Don’t skimp on resources
When speaking with clients, we find that they often not only
underestimate what is needed for a project, but assume that the
vendor can do everything. A vendor should have open architecture
for flexibility and a rigorous process for implementation, but
clients need to ramp up with resources on their end as well. That
includes project management, enterprise resource planning
experts, and other specialists to ensure that the project runs
smoothly. Penny pinching with internal or external resources and
tools often delays projects and causes more disruption.

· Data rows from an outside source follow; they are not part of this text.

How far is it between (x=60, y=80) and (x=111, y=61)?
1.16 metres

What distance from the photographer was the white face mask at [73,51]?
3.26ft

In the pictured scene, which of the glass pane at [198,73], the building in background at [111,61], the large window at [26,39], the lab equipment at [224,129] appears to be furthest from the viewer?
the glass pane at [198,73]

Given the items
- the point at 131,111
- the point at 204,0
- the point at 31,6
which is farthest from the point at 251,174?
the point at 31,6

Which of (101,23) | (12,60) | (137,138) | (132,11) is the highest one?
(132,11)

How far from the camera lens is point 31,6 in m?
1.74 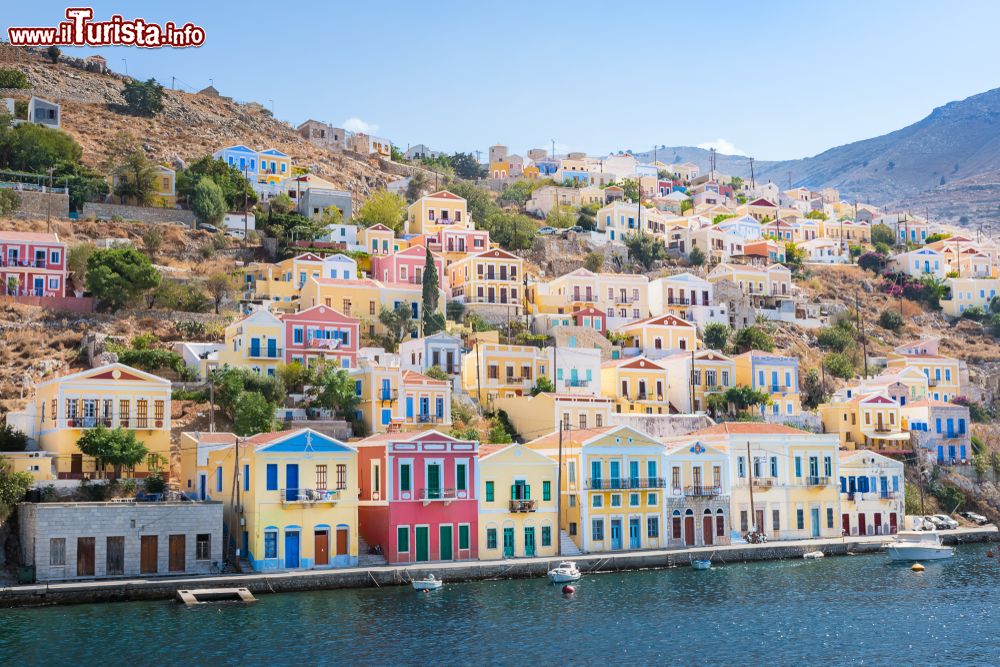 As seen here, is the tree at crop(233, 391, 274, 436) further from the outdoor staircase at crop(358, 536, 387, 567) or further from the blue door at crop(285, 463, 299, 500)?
the blue door at crop(285, 463, 299, 500)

Keep in mind that multi-page RFPs and expensive consultants do not necessarily guarantee success. Be sure to work closely with your consultants, understand all options and ask questions about implementation.
Stay focused on results
Thanks to the availability of today’s powerful business
intelligence and visualization tools, creating charts and graphs
is easy. But tread carefully. When assessing solutions, don’t get
carried away by visualizations that have a “wow” effect in
presentations only to ring hollow with little substance behind
the pretty graphs and charts. Dig deeper to ensure that what you
see provides the underlying information you need. If you
understand the potential pitfalls, you can quiz vendors
effectively.
The most important thing for a family office, however, is to understand why they are undertaking the project in the first place. I recommend that the family office starts by focusing on outcomes and what they wish to achieve. Is efficiency important? Reporting flexibility and improvements? Timely response to family member requests? Managing risk? Our checklist for qualifying vendors and technology, which starts with a self-assessment, has been a helpful tool in guiding clients embarking on a technology project.
After everything is taken into account, only a unified platform with accounting, general ledger and reporting on a single system will provide the accuracy, data accessibility and timely information needed to achieve that ever-important single source of truth.